Thursday, 14 May 2015

Book review : The Blue Room - Hanne Orstavik

Pereine Press have carved out a niche for themselves by releasing slightly obscure European novellas that are largely unknown in English. They are all very different but they have one thing in common - despite their short length (often well under 200 pages), they manage to provide a great deal of food for thought, some intensely poignant moments and unforgettable characters that will haunt you long after you have turned the final page. Hanne Orstavik's The Blue Room (Pereine 14, Coming-Of-Age series) ticks all of those boxes.

It's a book that is short on action but big on psychological drama. We are introduced to Johanne, a slightly eccentric 20-something student who shares a small attic flat with her equally eccentric mother. Both are devout Christians, both seem to think that all men are there to murder or rape them, both of them seem to have a strange "je t'aime moi non plus" (I love you, me neither) relationship with each other.

The book opens with Johanne discovering that she is locked in her bedroom. Is the door stuck? Or did her mother lock it, absent-mindedly before going to work or as a conscious decision? As Johanne's inner monologue unfurls, we get a glimpse into her life and her rather warped relationship with her mother. She studies psychology at university but she would be a very good case study herself. She has very little experience with men but her mind frequently brings up fleeting but shockingly violent sexual images. Her inner narrative, jumping from past to present and reality to fantasy, is often hard to interpret but we discover that she has recently embarked on a love affair with Ivar, a man who works in the university canteen, and that she is supposed to be heading off to meet him at the airport today for a six week trip to America. Aha, so that explains the locked door. But what is her mother's motive? Is she looking out for her naive daughter, is she being over-protective or does she have more selfish motives, not wanting to be left behind all by herself?

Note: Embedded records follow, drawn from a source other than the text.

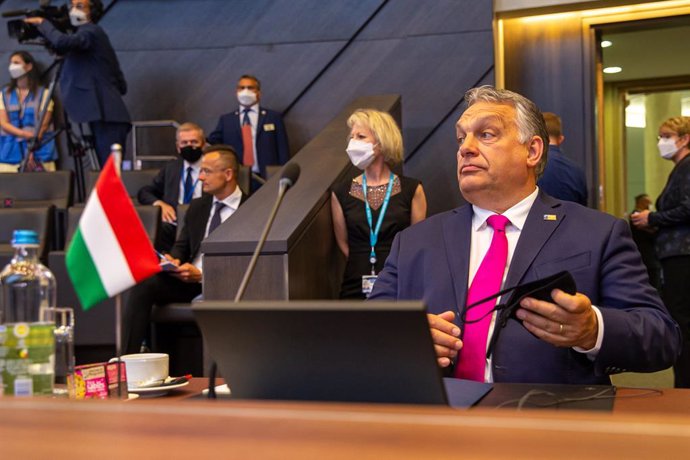 HANDOUT - 14 June 2021, Belgium, Brussels: Hungarian Prime Minister Viktor Orban attends a plenary session at the North Atlantic Treaty Organization (NATO) Summit. Photo: -/NATO/dpa - ATTENTION: editorial use only and only if the credit mentioned above 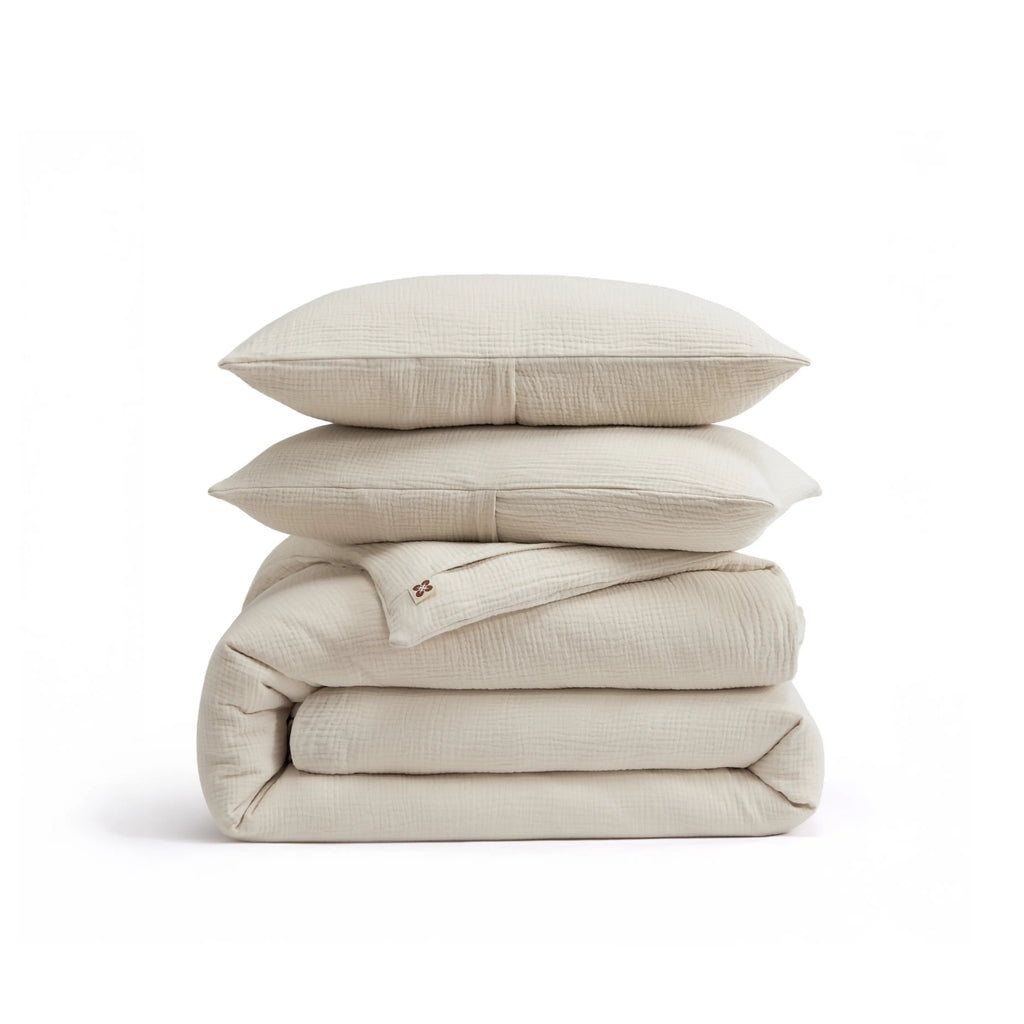 PureWovenTM Triple-Layer Cotton Gauze Duvet Cover Set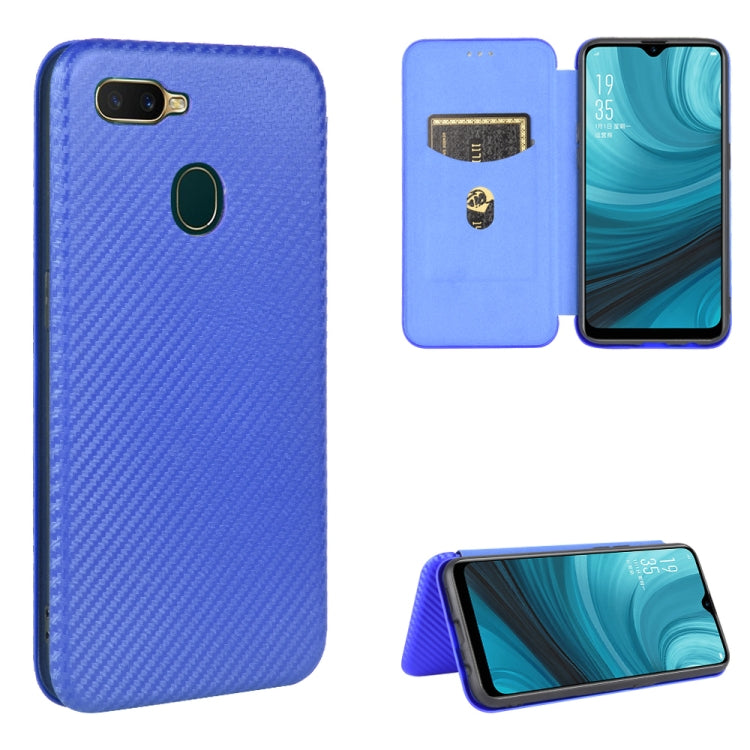 For OPPO A7(AX7) / A5s / AX5s / A12 Carbon Fiber Texture Horizontal Flip TPU + PC + PU Leather Case with Card Slot(Blue) - OPPO Cases by PMC TechLife | Online Shopping South Africa | PMC TechLife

As with many of Pereine's books, I found the ending slightly unsatisfying because there are lots of unanswered questions left hanging, but that is the whole point - it makes you think and leaves you to come up with your own interpretation. It's an interesting look at mother-daughter relationships and the exciting but scary process of leaving childhood behind to become a young woman.

star rating : 3.5/5

RRP : £12

  • Paperback: 174 pages
  • Publisher: Peirene Press Ltd (1 Jun. 2014)
  • ISBN-10: 1908670150
  • ISBN-13: 978-1908670151
  • Product Dimensions: 12.5 x 1.4 x 19 cm

Disclosure : I received a review copy of the book.